As another traffic improvement measure, before the bridge was rebuilt, the streets leading to it at each end were widened.
The bridge consists of two sections of similar design over the two arms of the Danube on either side of the Lower Wöhrd, one of the two islands within the city.
In summer the cost of constructing both was estimated at almost ℛℳ 5.05 million,[3] which led to a dispute between the city, the state of Bavaria and the Reichswehr, which was intensely interested in the Danube bridge.
In summer 1935 it was agreed that costs would be shared between the Reich, the city, Bavaria and the Reichswehr, and preparations for construction began.
In 1937 the north span opened to traffic and repairs immediately began on the Stone Bridge.
On 18 June 1938, the south span and the Frankenbrücke both opened, and on 16 July Minister Wagner ceremonially christened the bridge.

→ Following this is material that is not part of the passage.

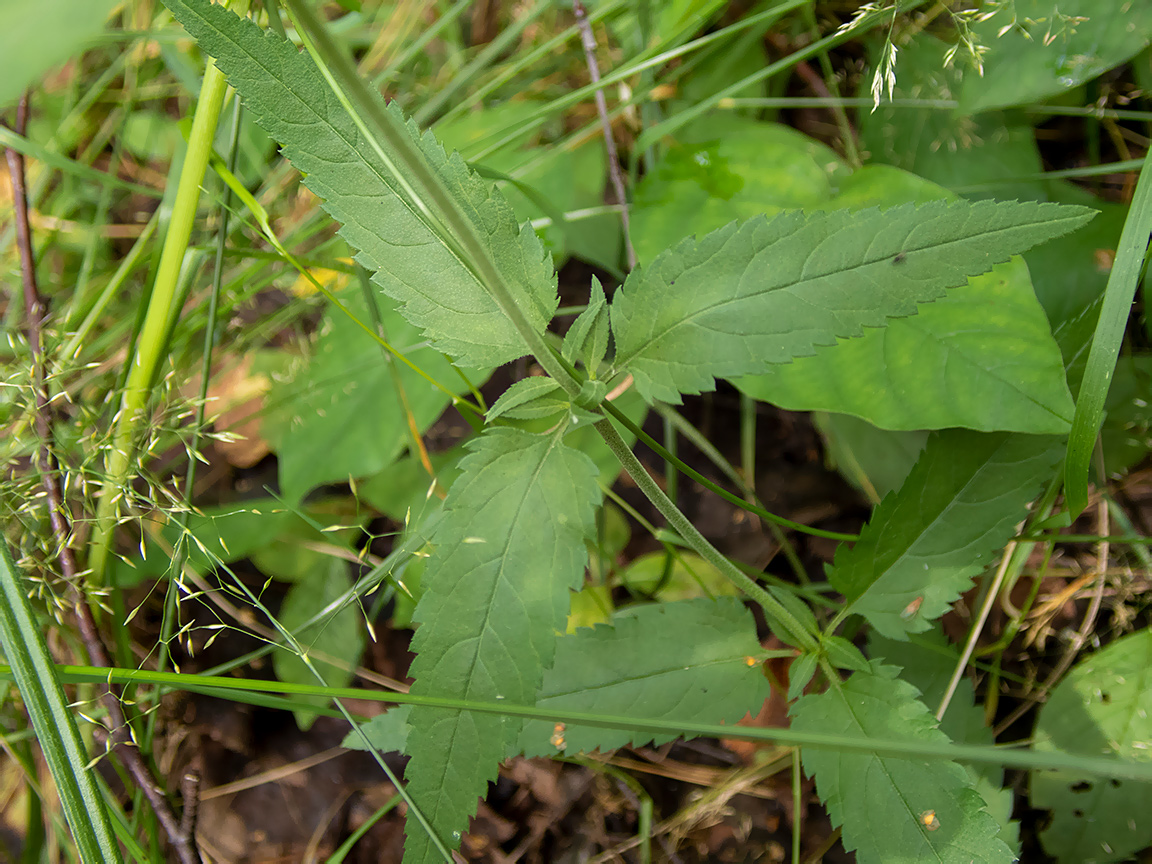 Изображение особи Veronica longifolia.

[4] Immediately after the end of the war, work began on clearing rubble and establishing ferry service between Weichs and the Lower Wöhrd to carry traffic; a pontoon bridge was later put in place.

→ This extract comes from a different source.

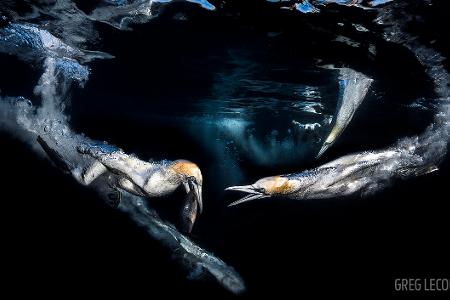 Grand Prize -® Greg Lecoeur - Scuba Diving Magazine Photo Contest 2017.jpg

On 3 March 2001, the foundation stone for the new Nibelungen Bridge was laid by the Lord Mayor of Regensburg, Hans Schaidinger, and the Bavarian Interior Minister, Günther Beckstein.
The cost of the bridge was increased by at least DM7.6 million by the need to acquire more steel because of a data entry error combined with underestimation.
[9] For the 1938 Adolf Hitler Bridge, Munich sculptor Albert Allman was commissioned to carve a group of maidens and a monumental Nazi eagle.
He began work over a year late; when the bridge was dedicated, the eagle was not yet ready and was ineptly added to the official photographs by retouching.
It was announced at the time that the city would find an appropriate use for the eagle, but as of 2008 it was still in storage, despite a 2003 invitation for proposals from well-known artists and an exhibit of the suggestions, which included wrapping it in the manner of Christo and permitting nature to reclaim it by letting grass grow over it.
Other ideas have included smashing it and reassembling it randomly, and a local entrepreneur once offered to buy it and put it in his garden.